RECORDS TO USE
.....
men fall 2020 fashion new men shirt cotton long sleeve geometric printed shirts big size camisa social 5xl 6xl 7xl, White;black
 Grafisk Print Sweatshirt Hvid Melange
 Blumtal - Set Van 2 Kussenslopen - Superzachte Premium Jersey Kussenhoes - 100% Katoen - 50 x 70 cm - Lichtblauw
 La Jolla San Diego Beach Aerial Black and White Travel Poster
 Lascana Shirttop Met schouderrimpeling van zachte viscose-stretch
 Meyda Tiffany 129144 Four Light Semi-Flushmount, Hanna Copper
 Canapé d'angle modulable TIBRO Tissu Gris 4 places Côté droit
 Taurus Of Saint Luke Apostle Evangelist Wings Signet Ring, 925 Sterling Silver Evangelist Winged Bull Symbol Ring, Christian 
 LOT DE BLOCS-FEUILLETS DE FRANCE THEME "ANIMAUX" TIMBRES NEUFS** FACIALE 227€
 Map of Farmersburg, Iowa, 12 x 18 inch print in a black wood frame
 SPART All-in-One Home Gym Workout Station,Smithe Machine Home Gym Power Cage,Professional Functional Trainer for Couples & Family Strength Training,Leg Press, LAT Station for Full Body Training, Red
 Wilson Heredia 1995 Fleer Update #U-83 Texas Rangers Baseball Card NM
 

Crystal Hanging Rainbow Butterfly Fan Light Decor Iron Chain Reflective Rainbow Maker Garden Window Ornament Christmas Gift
.....
EXERCISE PROMPT
From the line holding "Canapé d'angle modulable" to the last line of the records, quote each line exactly and add nothing.

YOUR RESPONSE
 Canapé d'angle modulable TIBRO Tissu Gris 4 places Côté droit
 Taurus Of Saint Luke Apostle Evangelist Wings Signet Ring, 925 Sterling Silver Evangelist Winged Bull Symbol Ring, Christian 
 LOT DE BLOCS-FEUILLETS DE FRANCE THEME "ANIMAUX" TIMBRES NEUFS** FACIALE 227€
 Map of Farmersburg, Iowa, 12 x 18 inch print in a black wood frame
 SPART All-in-One Home Gym Workout Station,Smithe Machine Home Gym Power Cage,Professional Functional Trainer for Couples & Family Strength Training,Leg Press, LAT Station for Full Body Training, Red
 Wilson Heredia 1995 Fleer Update #U-83 Texas Rangers Baseball Card NM
 

Crystal Hanging Rainbow Butterfly Fan Light Decor Iron Chain Reflective Rainbow Maker Garden Window Ornament Christmas Gift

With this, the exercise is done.